**Recorded information:**
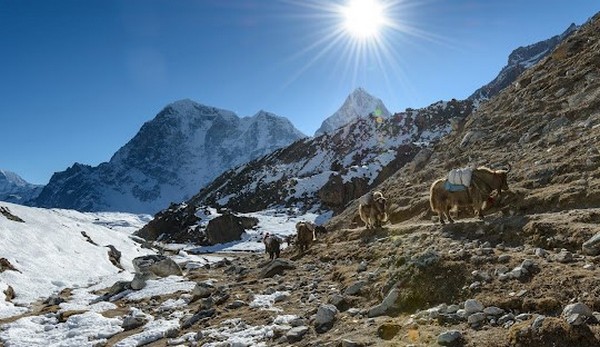 Sông băng Rongbuk còn đóng vai trò then chốt trong hệ sinh thái địa phương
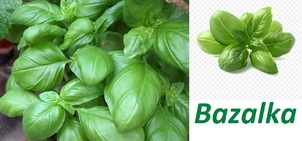 bazalka-ucinky-na-zdravi-co-leci-pouziti-uzivani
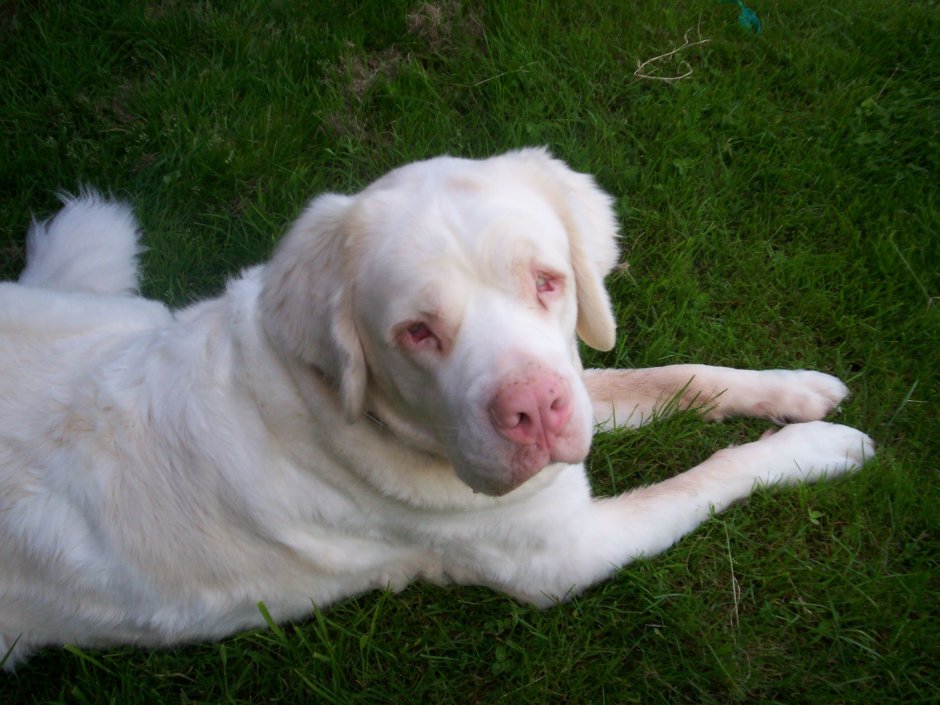 Ротвейлер обои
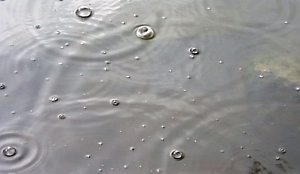 'Slechte tijden strandpaviljoens Noordzeekust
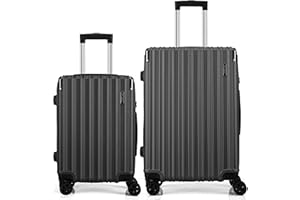 FLIEE Suitcase Set |4 Silent Dual Spinner Wheels |Lightweight Hard Shell Suitcases | TSA 3 Digit Combination Lock | Aluminium Telescopic Handle (Grey, Cabin 20" + Medium 24")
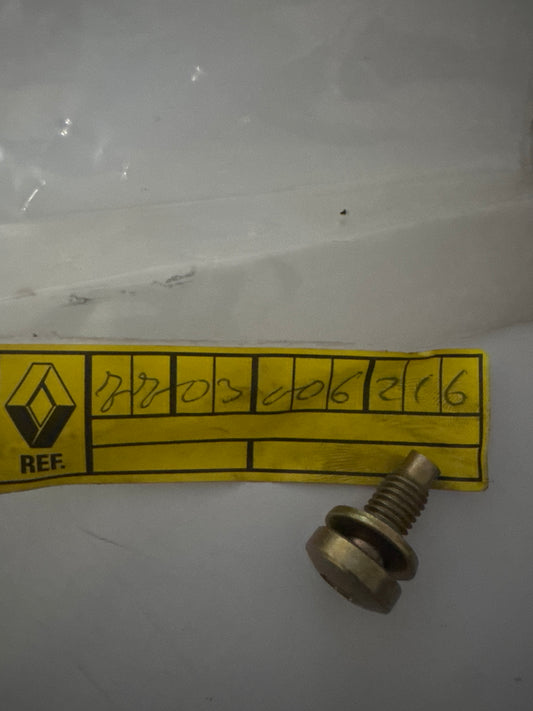7703006216, TORNILLO M8X125, Renault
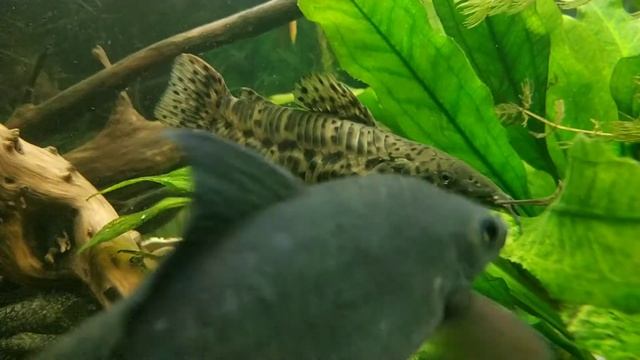 Мои Анциструсы и ДР.albino,super red, vual. смотреть онлайн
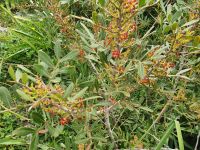 Wanderung auf der sorrentinischen Halbinsel, Mastix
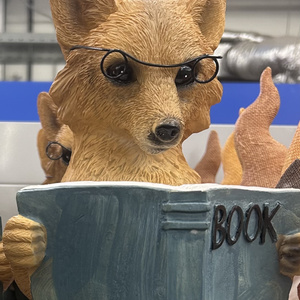 Книжный стеллаж ?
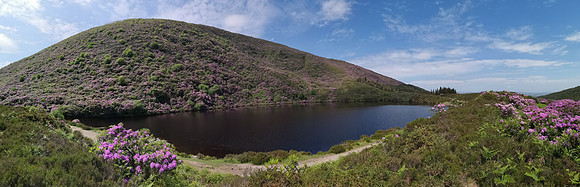 IMG_20180607_120115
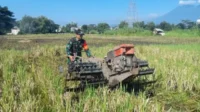 Babinsa Lowokwaru Bantu Petani Tunggulwulung Mengolah Sawah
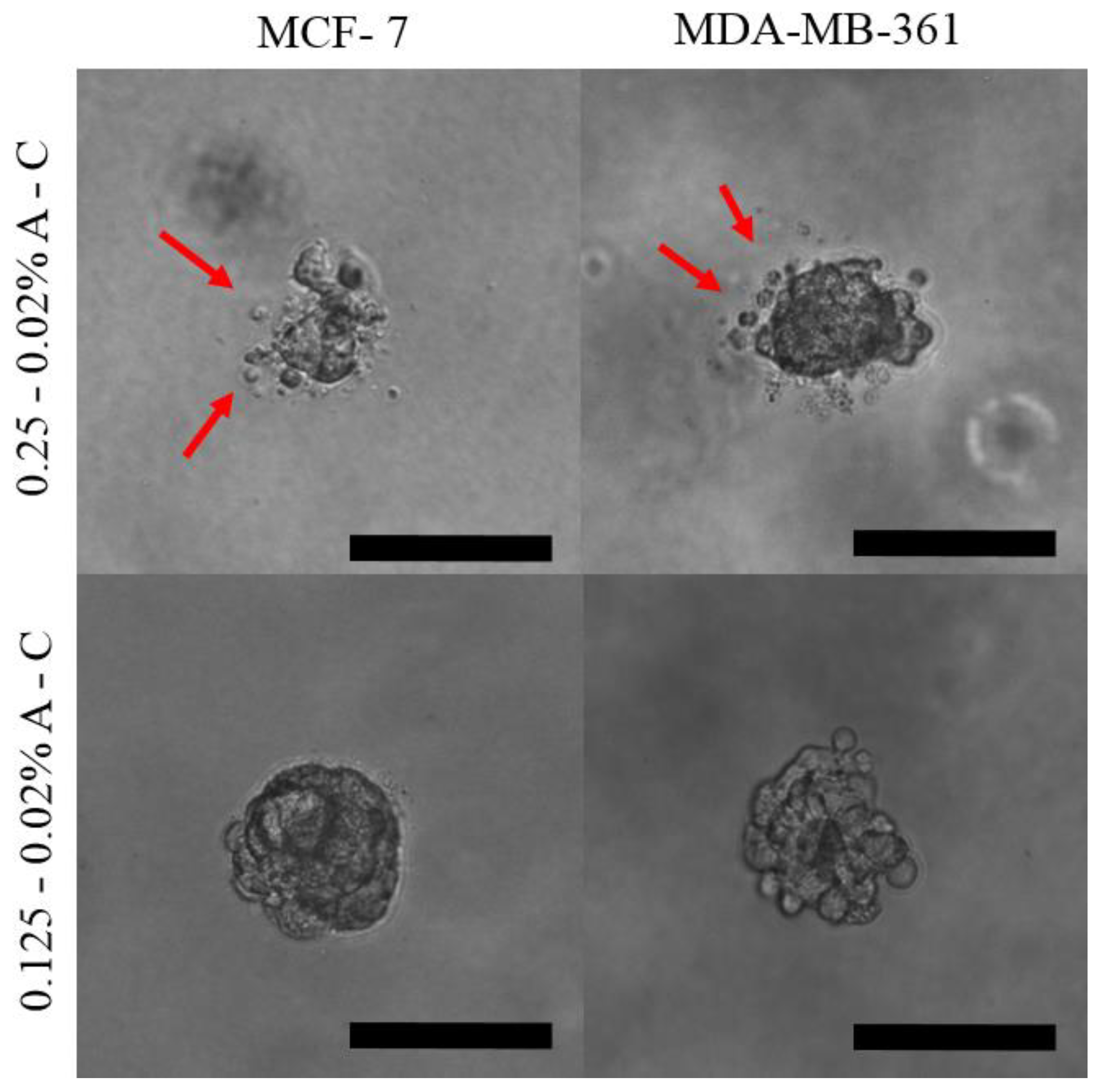 Pharmaceutics 13 00963 g005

**Your instructions:** Quote verbatim the final run of lines in the material above, from the line that contains "Wanderung auf der" through the very last line, excluding any pictures.

**Answer below:**
 Wanderung auf der sorrentinischen Halbinsel, Mastix
 Книжный стеллаж ?
 IMG_20180607_120115
 Babinsa Lowokwaru Bantu Petani Tunggulwulung Mengolah Sawah
 Pharmaceutics 13 00963 g005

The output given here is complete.